E il nostro ordinamento già prevede strumenti collaudati per apportare capitale e favorire partnership pubblico-privato, basti citare Cdp Equity e il Fondo Strategico Italiano. Non è stato fatto niente di migliorativo quindi.
L’attesa riforma del mercato dei capitali è ferma
In Senato, inoltre, è ferma da tempo la riforma del mercato dei capitali, che contiene una serie di semplificazioni per rendere più agevole l’ingresso in Borsa delle piccole-medie imprese. Perché le imprese che hanno intenzione di crescere preferiscono usare il mercato, piuttosto che un fondo “sovrano”.
Ed è nelle dinamiche di mercato che entra in gioco il fattore attrattivo del Made in Italy, perché la presenza e l’influenza imprenditoriale italiana nel mondo esistono già, anche senza fondo sovrano. Sono queste imprese i veri ambasciatori nel mondo del Made in Italy.

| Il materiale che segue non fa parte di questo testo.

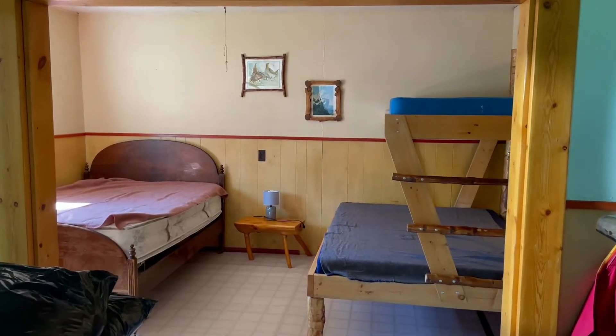Hey friends, I'm back at the lodge and I'm so excited to show you the cabin that we finished, so here we go. Actually, first, let's go back to how we started.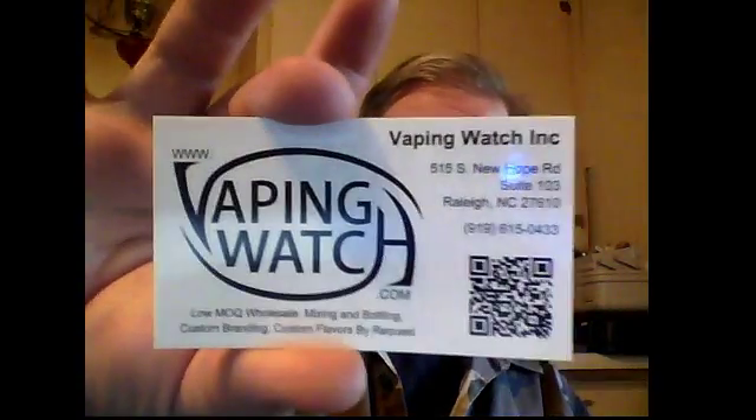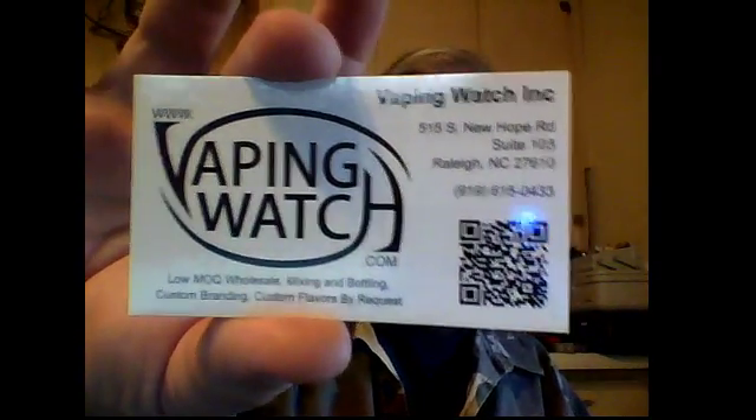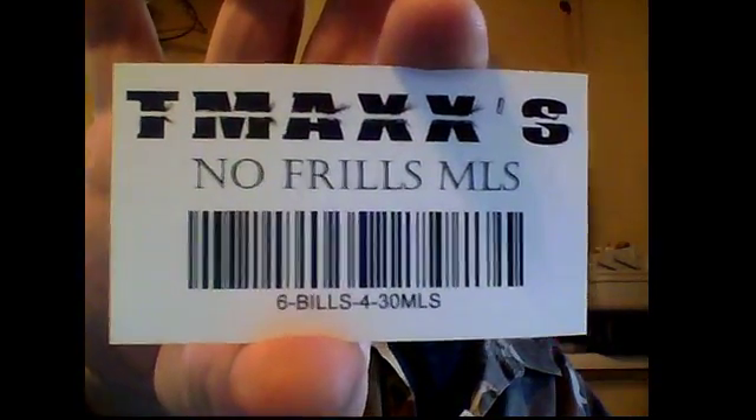And peanuts, lots of peanuts. Invoice laying on top, very nice. There you go — Vaping Watch, right there. Got all that info? Pause it if you need it. There it is — T-Max on the back. No frills.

Un Fondo Sovrano/Sovietico alimentato con credito venduto al risparmio, potrebbe essere anzi dannoso per le nostre eccellenze leader nelle esportazioni e nell’innovazione, che si vedrebbero ridurre credito disponibile.
Le imprese dallo Stato non si aspettano investimenti nel capitale di rischio, ma semplificazioni, sgravi, servizi di qualità, giustizia civile efficiente.
Per dare risposta ai nostri campioni del Made in Italy e futuri tali non serve nostalgia dell’Unione Sovietica o del Ministero delle Partecipazioni Statali, ma ricordarsi quale è il ruolo delle casse statali nella struttura produttiva italiana: operare un supporto pubblico selettivo agli investimenti orientati alla crescita.